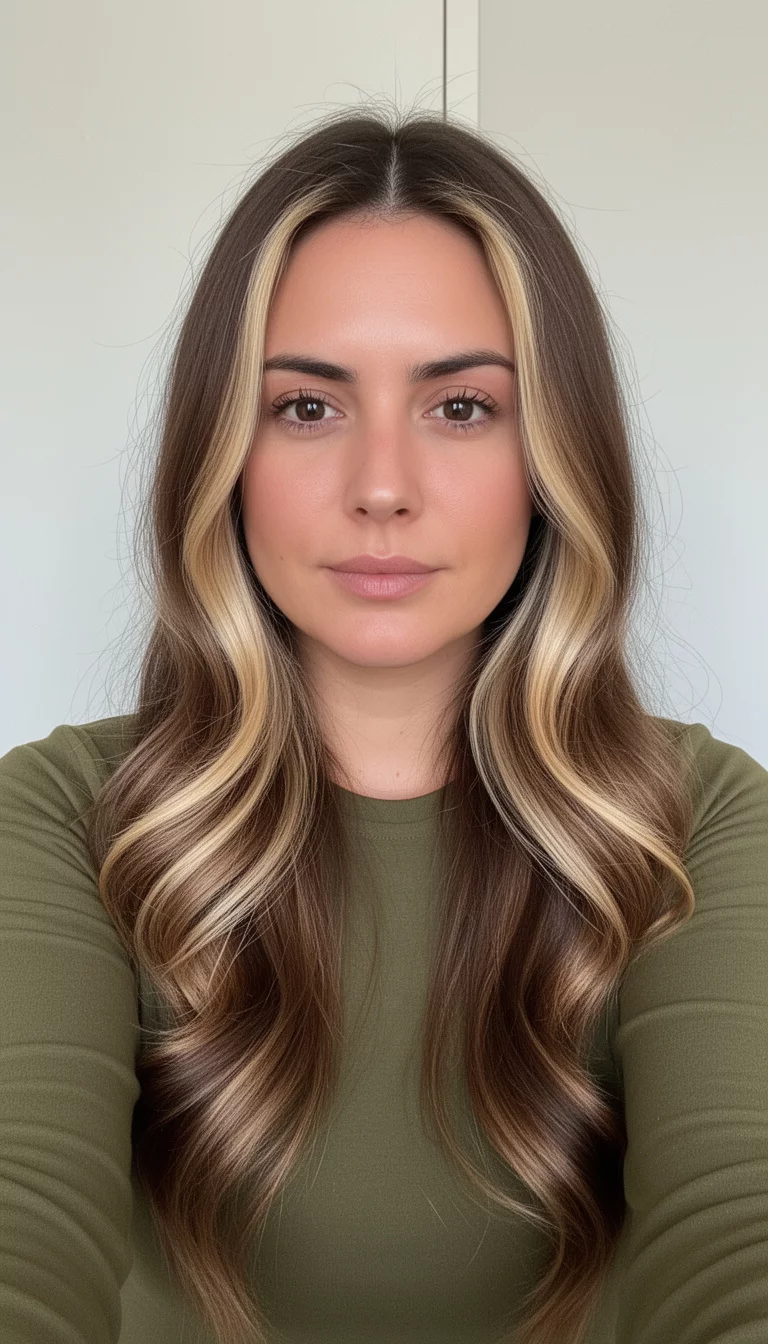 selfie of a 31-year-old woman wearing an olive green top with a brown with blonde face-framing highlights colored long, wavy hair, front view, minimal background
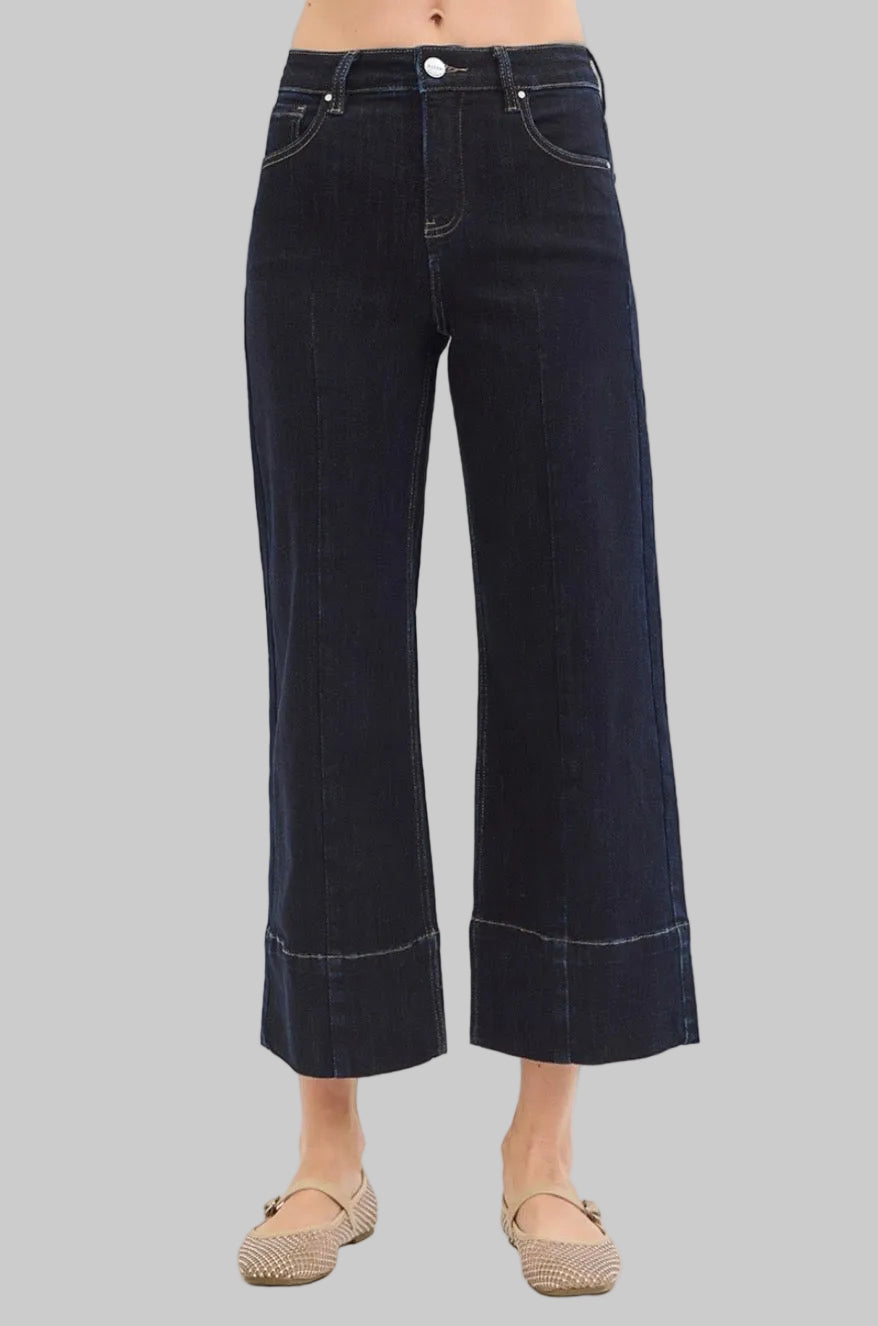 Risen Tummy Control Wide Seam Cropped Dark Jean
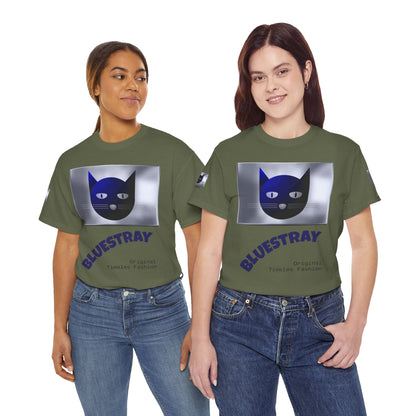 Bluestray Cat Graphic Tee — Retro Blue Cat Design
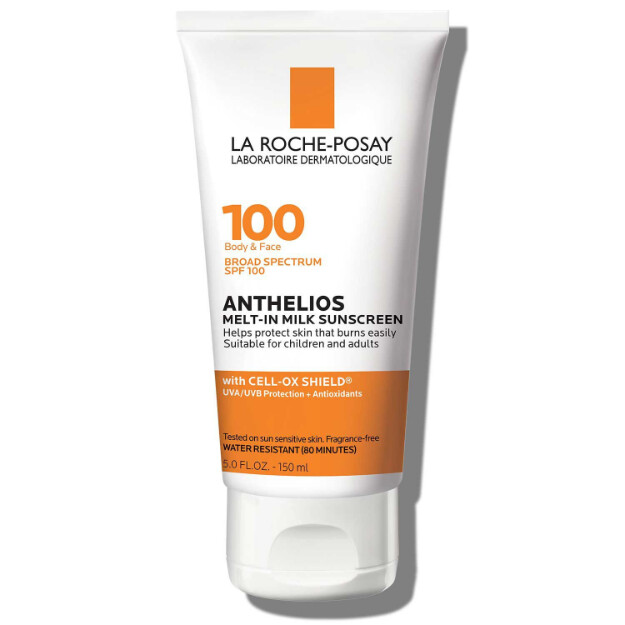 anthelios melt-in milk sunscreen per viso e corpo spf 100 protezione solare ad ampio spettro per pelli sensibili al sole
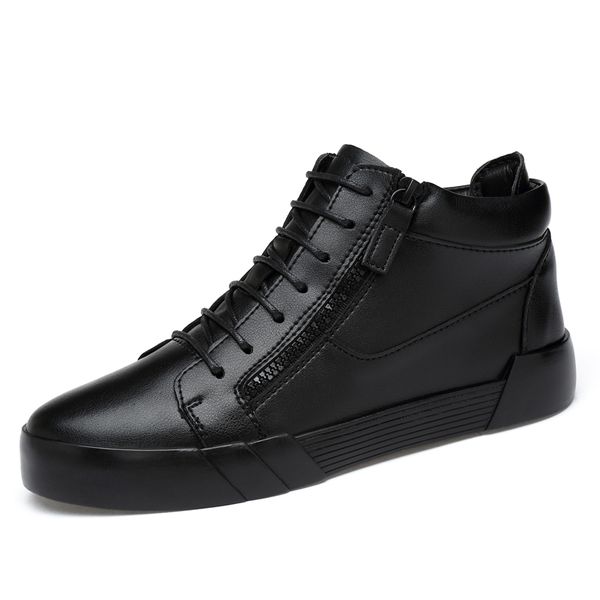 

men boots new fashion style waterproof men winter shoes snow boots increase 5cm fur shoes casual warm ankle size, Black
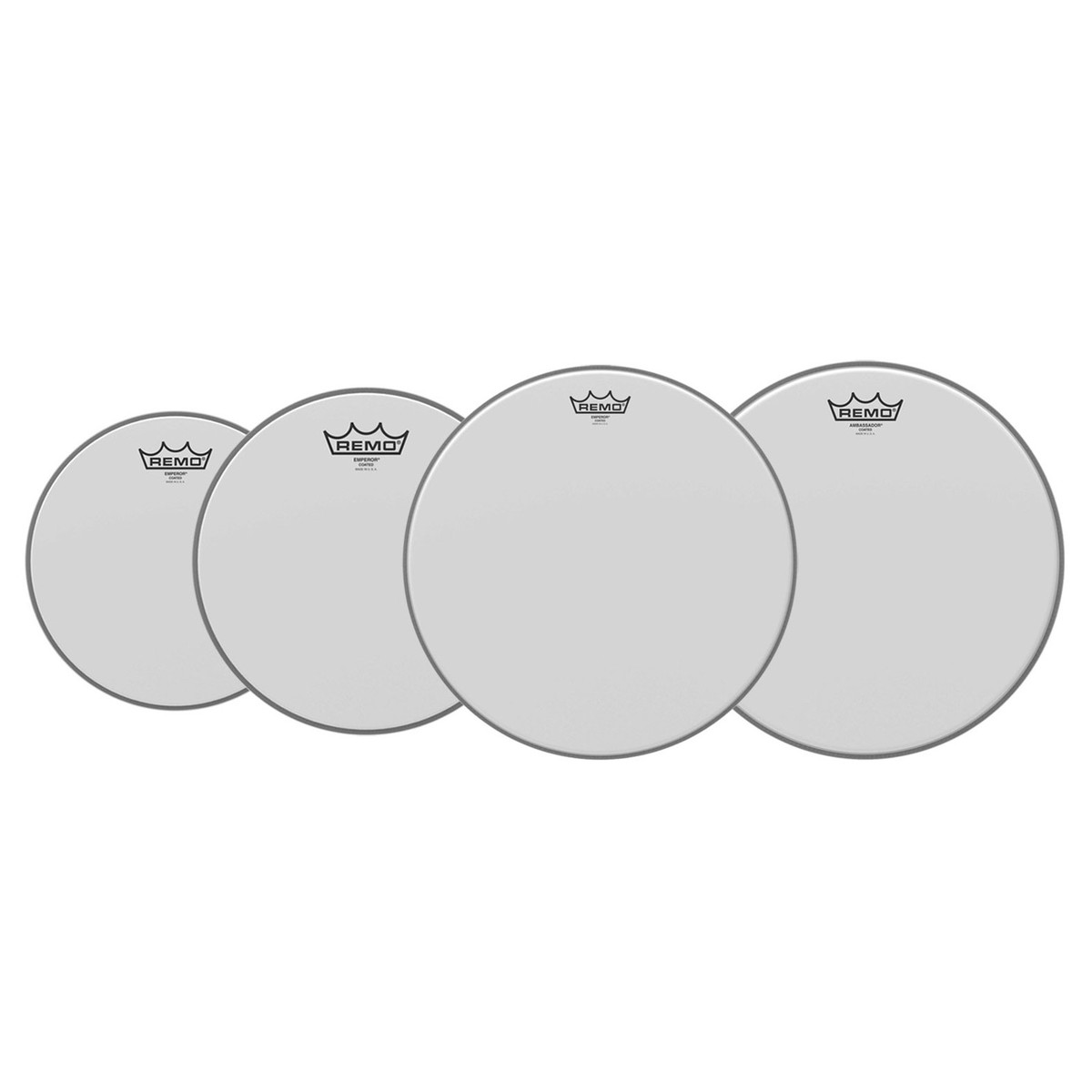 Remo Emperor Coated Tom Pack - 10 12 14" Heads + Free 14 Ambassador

★ ★ ★ ★ ★

(WHAT THE TASK REQUIRES): Please output the full listing above exactly, minus any pictures.

(WORKED SOLUTION):
 selfie of a 31-year-old woman wearing an olive green top with a brown with blonde face-framing highlights colored long, wavy hair, front view, minimal background
 Risen Tummy Control Wide Seam Cropped Dark Jean
 Bluestray Cat Graphic Tee — Retro Blue Cat Design
 anthelios melt-in milk sunscreen per viso e corpo spf 100 protezione solare ad ampio spettro per pelli sensibili al sole

men boots new fashion style waterproof men winter shoes snow boots increase 5cm fur shoes casual warm ankle size, Black
 Remo Emperor Coated Tom Pack - 10 12 14" Heads + Free 14 Ambassador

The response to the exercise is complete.